223/98 Forum of Conscience c/Sierra Leone
Rapporteur :
25ème session : Commissaire Dankwa
26ème session : Commissaire Dankwa
27ème session : Commissaire Dankwa
28ème session : Commissaire Dankwa
Résumé des faits
1. La plainte est introduite par le Forum of Conscience, une ONG des droits
de
l’homme de Sierra Leone au nom de 24 militaires qui ont été exécutés le
19 octobre
1998 à Freetown, Sierra Leone.
2. Le plaignant prétend que les 24 militaires ont été jugés et condamnés
à mort par une
Cour martiale pour des rôles qu’ils auraient joués dans le Coup qui a renversé
le
Gouvernement élu de Tejan Kabah.
3. La communication allègue en outre que le procès de ces militaires devant
la Cour
martiale était caractérisé par le vice de forme et la violation des obligations
de l’Etat de
Sierra Leone à l’égard de la Charte Africaine.
4. Il est ajouté que cette Cour martiale qui a jugé et condamné les victimes
ci-dessus
mentionnées, ne leur a laissé aucun droit d’appel contre la condamnation
ou la
sentence devant une juridiction supérieure, et cela, en violation des dispositions
de la
Charte Africaine des Droits de l’Homme et des Peuples.
5. Le requérant prétend que l’exécution publique des 24 militaires, le
19 octobre 1998,
après leur avoir refusé le droit d’appel constitue aussi un déni arbitraire
du droit à la
vie énoncé par la Charte Africaine.
Plainte:
Le plaignant allègue la violation des articles suivants de la Charte africaine:
articles 1,
4 et 7(1) (a) et 7 (1) (d).
Procédure:
6. La communication a été reçue par le Secrétariat le 24 octobre 1998.
7. A sa 25ème session ordinaire tenue à Bujumbura, Burundi, la Commission
a reporté
l’examen de la communication à sa 26ème session ordinaire.
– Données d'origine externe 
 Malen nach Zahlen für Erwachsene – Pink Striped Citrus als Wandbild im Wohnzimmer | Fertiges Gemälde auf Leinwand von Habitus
8. Le 11 mai 1999, le Secrétariat de la Commission a notifié cette décision
aux parties.
9. A sa 26ème session ordinaire tenue à Kigali, Rwanda, la Commission a
décidé d’être
saisie de cette communication.
10. Entre les 14 et 19 février 2000, lorsque la délégation de la Commission
a effectué
une mission de promotion en Sierra Leone, la question de la plainte a été
soulevée
auprès des autorités compétentes gouvernementales, notamment le Procureur
Général
de Sierra Leone.
11. Le 2 mars 2000, le Secrétariat de la Commission a informé les parties
de la décision
de la Commission.
12. Le 11 avril 2000, le plaignant a répondu à la demande indiquée ci-dessus.
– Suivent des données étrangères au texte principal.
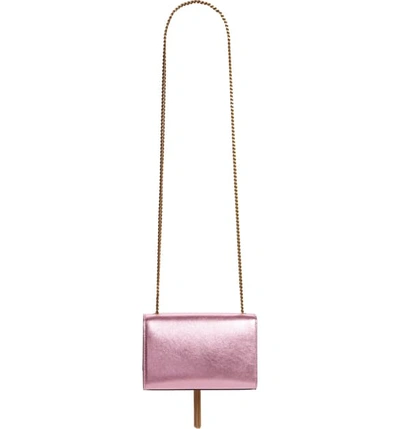 Shop Saint Laurent Small Kate Metallic Leather Crossbody Bag In Vegas Pink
13. A sa 27ème session ordinaire tenue en Algérie, la Commission a examiné
le cas et l'a
déclaré recevable. Elle a demandé aux parties de lui fournir des arguments
de fond sur
ce cas.
14. La décision pré-citée a été communiquée aux parties le 12 juillet 2000.
ACTION REQUISE
La Recevabilité
15. La Commission prend note du fait que la plainte est introduite au nom
de personnes
déjà exécutées. A cet effet, la Commission convient qu'il n'existe pas
de recours
locaux que le plaignant peut formuler. Cependant, même si une telle possibilité
existait, l'exécution des victimes a définitivement forclos un tel recours.
Le Fond:
16. Le plaignant allègue que la décision de la cour martiale ne peut faire
l'objet d'un appel
et constitue par conséquent une violation des droits des victimes à un
procès
équitable.
17. Les faits, tels que soumis par le plaignant, rapportent que les 24
militaires ont été
exécutés publiquement après avoir été privés de leur droit d'appel devant
une
juridiction supérieure. Dans sa Résolution sur le Droit à un Procès Equitable
et à
l'Assistance Juridique en Afrique, la Commission a noté lors de l'adoption
de la
Déclaration et des Recommandations de Dakar, que: “ Dans de nombreux pays
africains, des Tribunaux militaires et des Cours spéciales existent
parallèlement aux institutions judiciaires ordinaires. L'objectif des tribunaux
militaires est de déterminer les délits de nature purement militaire perpétrés
par le personnel militaire. Dans l'exercice de cette fonction, les tribunaux
militaires doivent respecter les normes de procès équitable. ”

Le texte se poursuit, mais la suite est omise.